Abstract

Actin filament (F-actin) assembly kinetics determines the locomotion and shape of crawling eukaryotic cells, but the nature of these kinetics and their determining reactions are unclear. Live BHK21 fibroblasts, mouse melanoma cells, and Dictyostelium amoebae, locomoting on glass and expressing Green Fluorescent Protein-actin fusion proteins, were examined by confocal microscopy. The cells demonstrated three-dimensional bands of F-actin, which propagated throughout the cytoplasm at rates usually ranging between 2 and 5 μm/min in each cell type and produced lamellipodia or pseudopodia at the cell boundary.

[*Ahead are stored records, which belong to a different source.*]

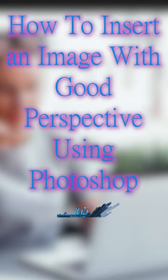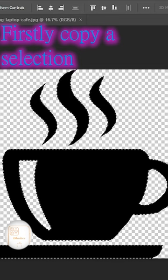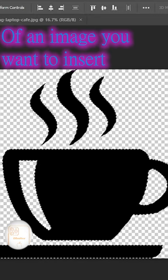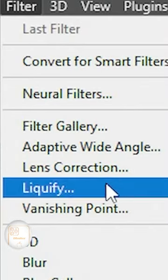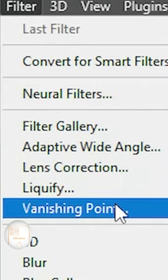How to insert an image with good perspective using Photoshop. Firstly, copy a selection of an image you want to insert. Select Filter, Vanishing Point.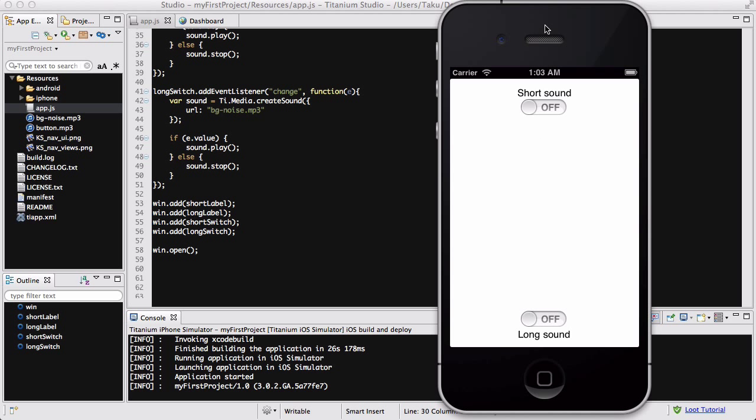But apart from that, all is fixed and it's working now. So we have two switches, one's short sound and long sound. And basically, if I turn it on, it's going to run that weird button sound that I put into my resources. And if I also go to my long sound, it's going to play the background noise of, apparently, an airport. I'm not sure if you could hear it really good, because it's a bit small, but there we go, it's the sound of an airport.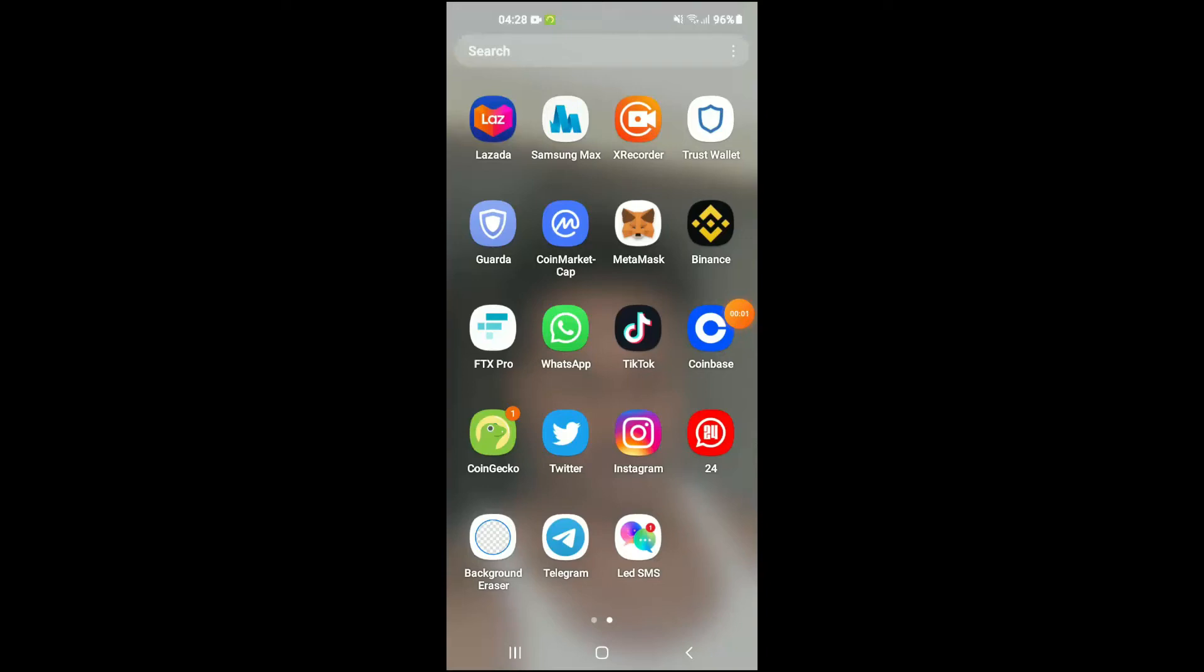Hello, welcome to Simple Answers. I'm your host Jason, and in this video I'll be showing you how to share location in Telegram app on your Android or Samsung device. First, let's go into Telegram.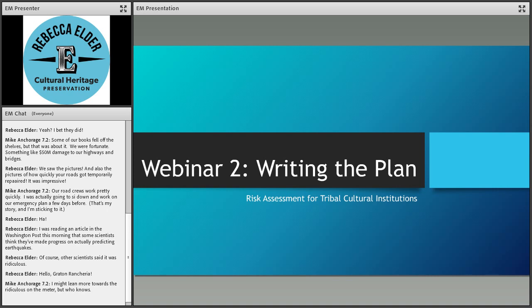A couple of quick reminders about the technical aspects of this webinar platform: there's a chat box window on the left-hand side of your screen, so please use that to say hello as you log in and share any questions or comments. We're recording the program so you can go back and view the recording when we upload it to our YouTube channel. Rebecca is also going to be scheduling one-on-one calls with you all in January to check in on your planning process.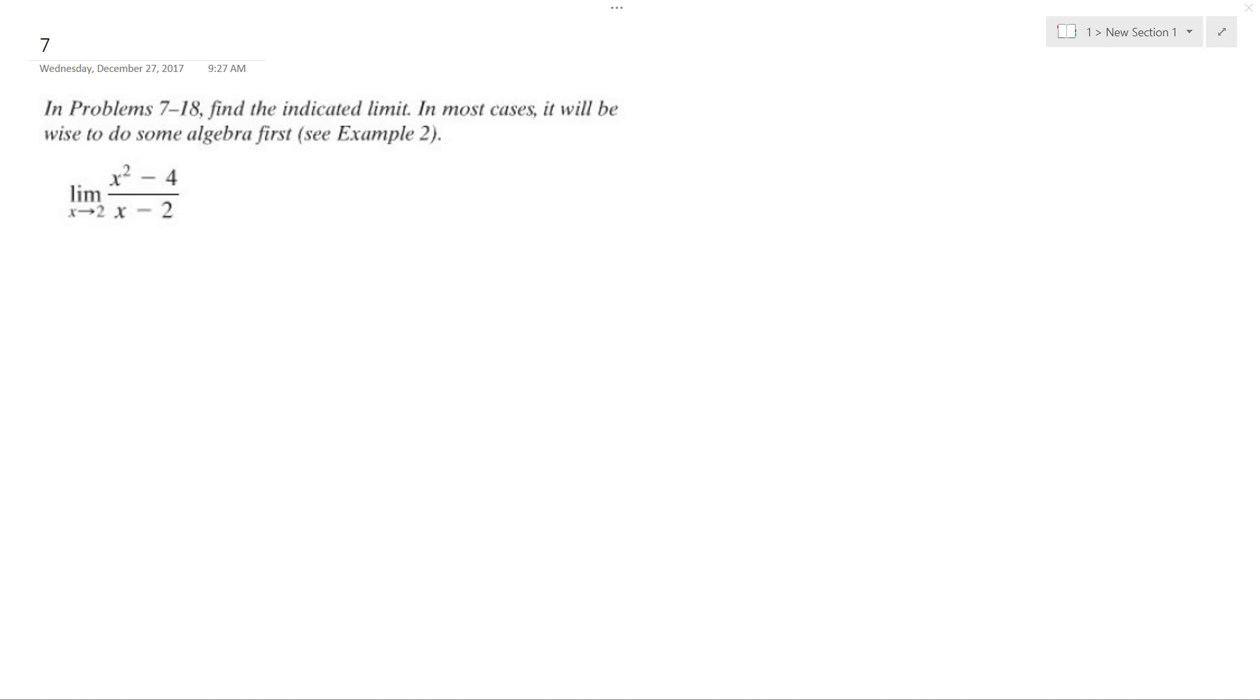We want to find the limit of this. For this case, x squared minus 4 over x minus 2.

F-actin's dynamic behavior and supramolecular spatial patterns resembled in detail self-organized chemical waves in dissipative, physico-chemical systems. On this basis, the present observations provide the first evidence of self-organized, and probably autocatalytic, chemical reaction–diffusion waves of reversible actin filament assembly in vertebrate cells and a comprehensive record of wave and locomotory dynamics in vegetative-stage Dictyostelium cells. The intensity and frequency of F-actin wavefronts determine locomotory cell projections and the rotating oscillatory waves, which structure the cell surface. F-actin assembly waves thus provide a fundamental, deterministic, and nonlinear mechanism of cell locomotion and shape, which complements mechanisms based exclusively on stochastic molecular reaction kinetics.